Hmm... IIUC, you are suggesting the following code:

p2m_set_allocation(0);

if ( p->domain )
   return;

If yes, this is in theory not safe because 'p2m' is technically not 
initialized. All the list use are thankfully protected with zeroed 
field. But this is quite fragile.

I think it would be better if p->domain is set ahead of the first error 
returned in p2m_init().

Cheers,
Julien Grall Oct. 17, 2022, 3:44 p.m.

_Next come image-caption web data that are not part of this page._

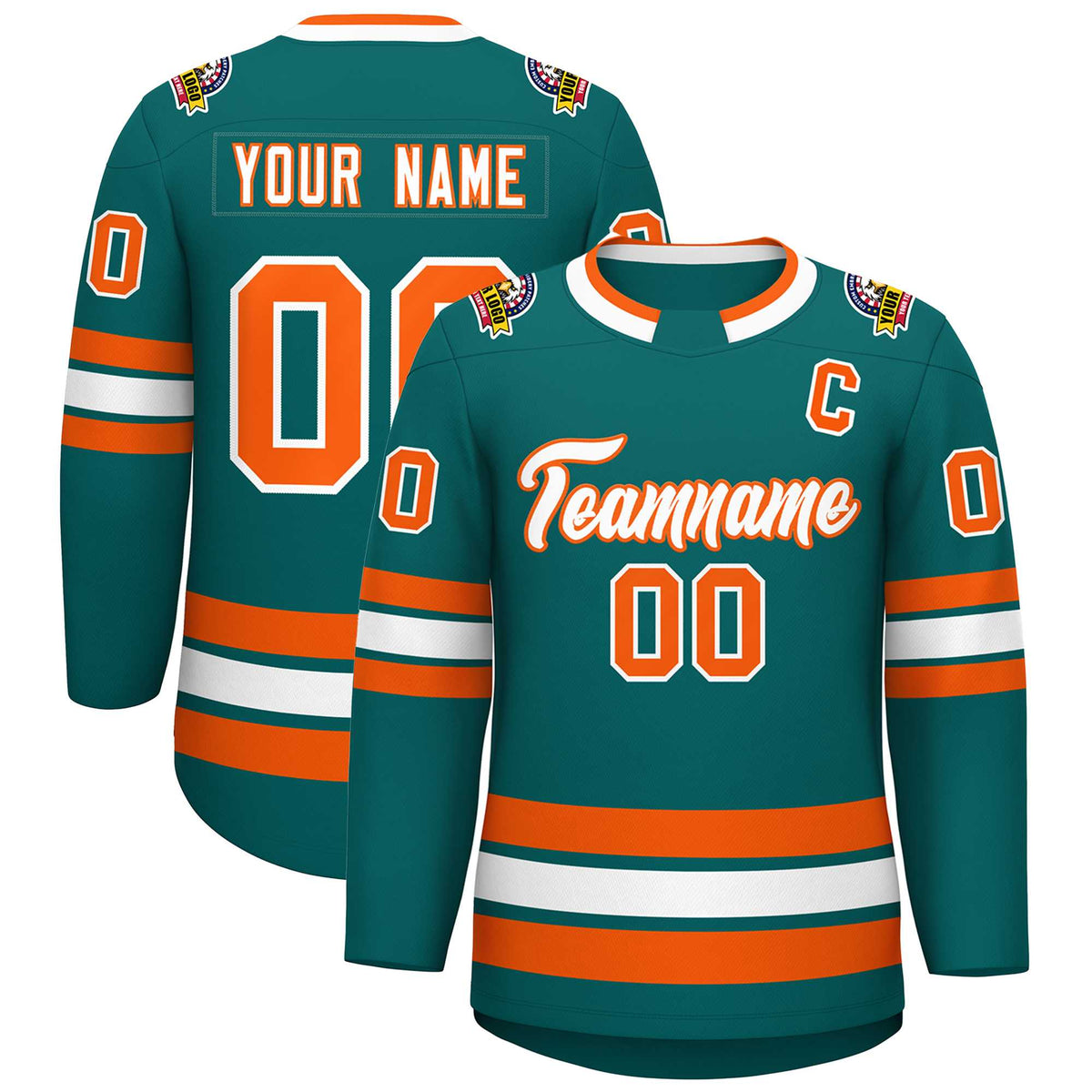 Custom Teal White-Orange Classic Style Hockey Jersey | KXKSHOP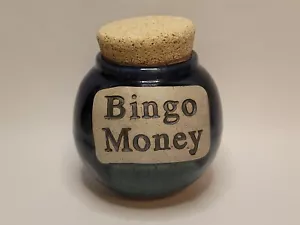 Bingo Fund Glas Keramik Kork Deckel Tumbleweed Kunstkeramik Handarbeit Bank blau - Bild 1 von 13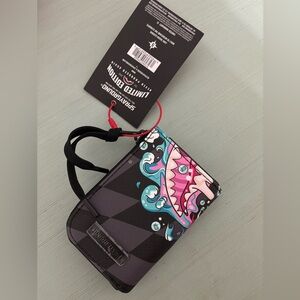 Sprayground Mad Scientist Wallet Black Gray Purple Pastel Checkered Flames Mouth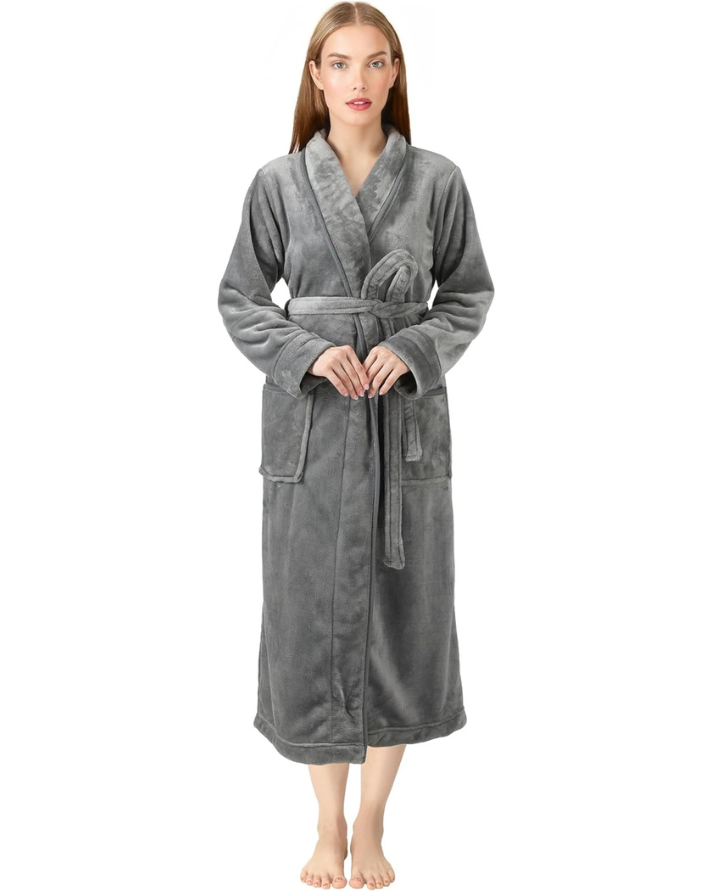 Plush Fleece Bathrobe Long Shawl Collar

UTC | #3
Hi Henry,

On 17/10/2022 08:46, Henry Wang wrote:
>       if ( p2m->root )
> @@ -1762,6 +1778,20 @@ int p2m_init(struct domain *d)
>       INIT_PAGE_LIST_HEAD(&p2m->pages);
>       INIT_PAGE_LIST_HEAD(&d->arch.paging.p2m_freelist);
>   
> +    /*
> +     * Hardware using GICv2 needs to create a P2M mapping of 8KB GICv2 area
> +     * when the domain is created. Considering the worst case for page
> +     * tables and keep a buffer, populate 16 pages to the P2M pages pool here.
> +     * For GICv3, the above-mentioned P2M mapping is not necessary, but since
> +     * the allocated 16 pages here would not be lost, hence populate these
> +     * pages unconditionally.
> +     */
> +    spin_lock(&d->arch.paging.lock);
> +    rc = p2m_set_allocation(d, 16, NULL);
> +    spin_unlock(&d->arch.paging.lock);
> +    if ( rc != 0 )
> +        return rc;


p2m_set_allocation() wants to be called after 'p->domain' is set. So 
p2m_teardown_final() will not return early and leak memory (as Andrew 
pointed out).

For simplicity I would move the code right at the end of the function. 
But if you want to keep it here then...

> +
>       p2m->vmid = INVALID_VMID;

... this needs to be done first as well.

>   
>       rc = p2m_alloc_vmid(d);

Note that if you move the code at the end. Then you will need to add:

if ( rc )
   return rc;

after the call to p2m_alloc_table();

Other than that the code looks good to me.

Cheers,
Henry Wang Oct. 17, 2022, 3:54 p.m. UTC | #4
Hi Julien,

> -----Original Message-----
> From: Julien Grall <julien@xen.org>
> Subject: Re: [PATCH v3] xen/arm: p2m: Populate pages for GICv2 mapping in
> arch_domain_create()
> 
> Hi Henry,
> 
> On 17/10/2022 08:46, Henry Wang wrote:
> >       if ( p2m->root )
> > @@ -1762,6 +1778,20 @@ int p2m_init(struct domain *d)
> >       INIT_PAGE_LIST_HEAD(&p2m->pages);
> >       INIT_PAGE_LIST_HEAD(&d->arch.paging.p2m_freelist);
> >
> > +    /*
> > +     * Hardware using GICv2 needs to create a P2M mapping of 8KB GICv2
> area
> > +     * when the domain is created. Considering the worst case for page
> > +     * tables and keep a buffer, populate 16 pages to the P2M pages pool
> here.
> > +     * For GICv3, the above-mentioned P2M mapping is not necessary, but
> since
> > +     * the allocated 16 pages here would not be lost, hence populate these
> > +     * pages unconditionally.
> > +     */
> > +    spin_lock(&d->arch.paging.lock);
> > +    rc = p2m_set_allocation(d, 16, NULL);
> > +    spin_unlock(&d->arch.paging.lock);
> > +    if ( rc != 0 )
> > +        return rc;
> 
> 
> p2m_set_allocation() wants to be called after 'p->domain' is set. So
> p2m_teardown_final() will not return early and leak memory (as Andrew
> pointed out).

Yes this is a really silly mistake that I made, and I am really sorry for that.

> 
> For simplicity I would move the code right at the end of the function.

Definitely.

> But if you want to keep it here then...
> 
> > +
> >       p2m->vmid = INVALID_VMID;
> 
> ... this needs to be done first as well.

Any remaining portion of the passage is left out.